在 null 上调用了 getter 'placeName'

Question

我用以下字符串创建了一个类地址

class Address{
  String placeName='';
  double latitude;
  double longitude;
  String placeId= '';
  String placeFormattedAddress= '';
  Address(
      {
        this.placeId,
        this.latitude,
        this.longitude,
        this.placeName,
        this.placeFormattedAddress,
      });

}

我尝试从谷歌地图获取地址，然后使用提供程序包传递值

class HelperMethods{
  static Future<String> findCordinateAddress(Position position, context) async {

    String placeAddress = '';

    var connectivityResult = await Connectivity().checkConnectivity();
    if(connectivityResult != ConnectivityResult.mobile && connectivityResult != ConnectivityResult.wifi){
      return placeAddress;
    }

    String url = 'https://maps.googleapis.com/maps/api/geocode/json?latlng=${position.latitude},${position.longitude}&key=$mapKey';

    var response = await RequestHelper.getRequest(url);

    if(response != 'failed'){
      placeAddress = response['results'][0]['formatted_address'];

      Address pickupAddress = new Address();
      pickupAddress.longitude = position.longitude;
      pickupAddress.latitude = position.latitude;
      pickupAddress.placeName = placeAddress;

      Provider.of<AppData>(context, listen: false).updatePickupAddress(pickupAddress);

    }

    return placeAddress;

  }

}

但问题是这需要一些时间 因此，当我尝试打开将显示地址的页面时，它会显示错误 并且在地址准备好后它就消失了，那么有没有办法防止这种情况发生？ 传递不同的值直到地址准备好？？

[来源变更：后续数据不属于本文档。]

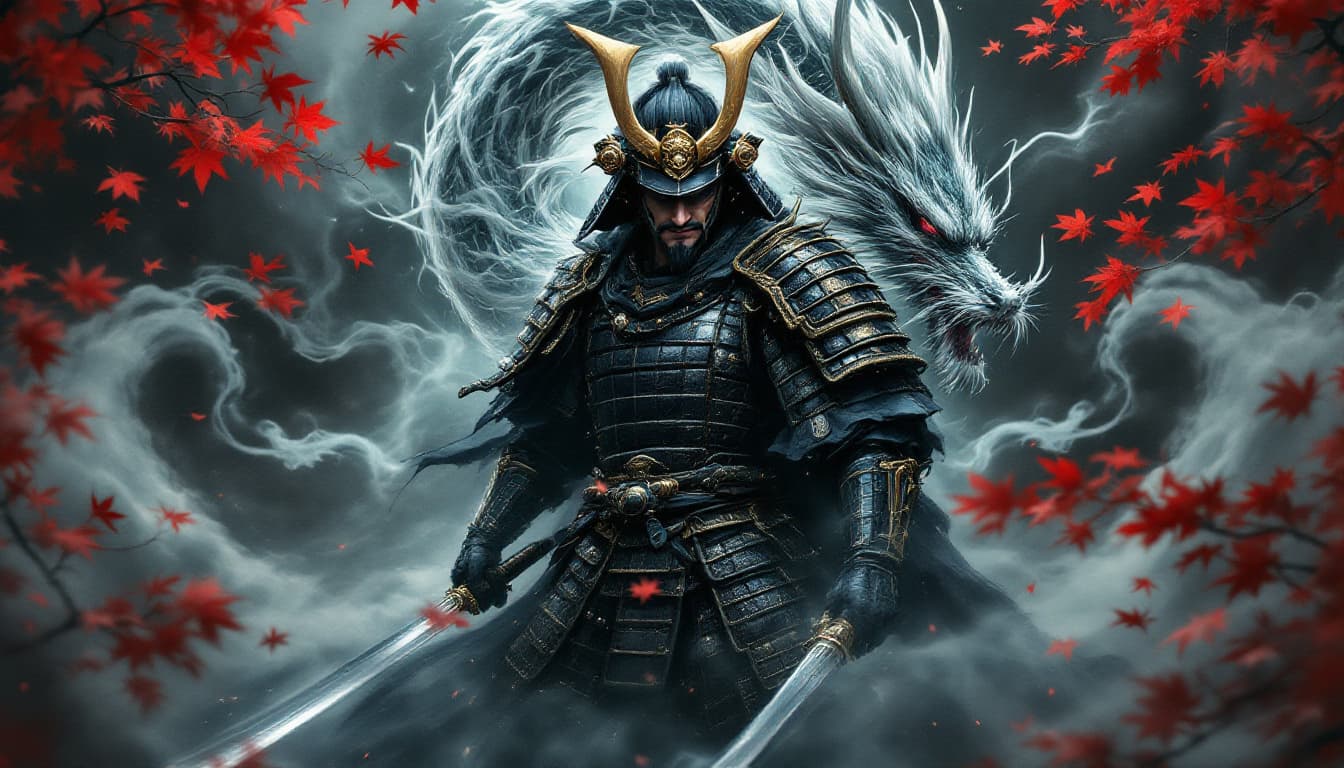 AI generated: A formidable samurai stands at the center of the composition, clad in ornate armor that blends shade...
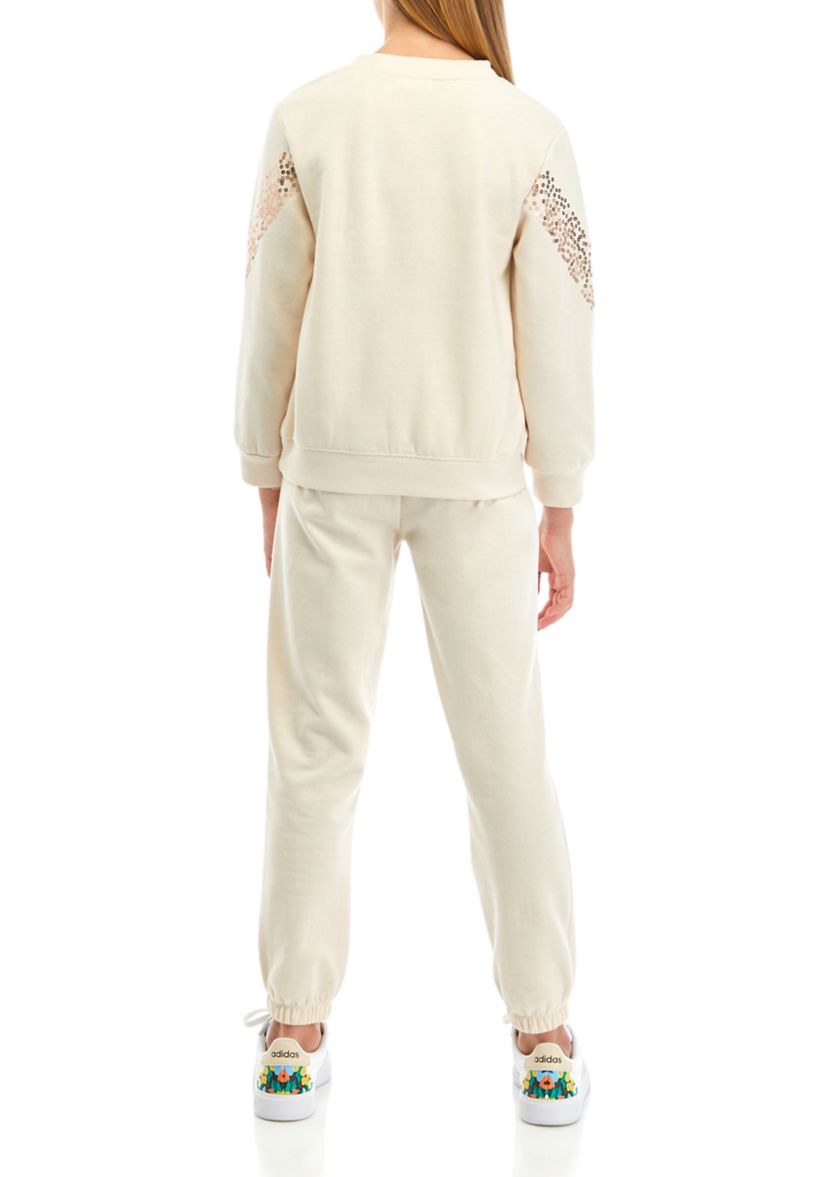 Girls 7-16 Sequin Chevron Fleece Jogger Set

？

getter 'placeName' 在 null 上被调用。 接收器：空 尝试调用：placeName

    String address = Provider.of<AppData>(context).pickupAddress.placeName ?? '';

and then I print or display the content of the address 

Answer 1

您可能希望在 UI 代码中使用条件。类似的东西：

if(placeName != null)
  Text(placeName)

// null-aware operator
Text(placeName ?? "name is null")

// ternary operator
placeName != null ? Text(placeName) : CircularProgressIndicator()

Answer 2

更新： 这很容易，但我以前看不到 只需在 .pickupaddress 后添加问号 (?)

String address = Provider.of<AppData>(context).pickupAddress?.placeName ?? '';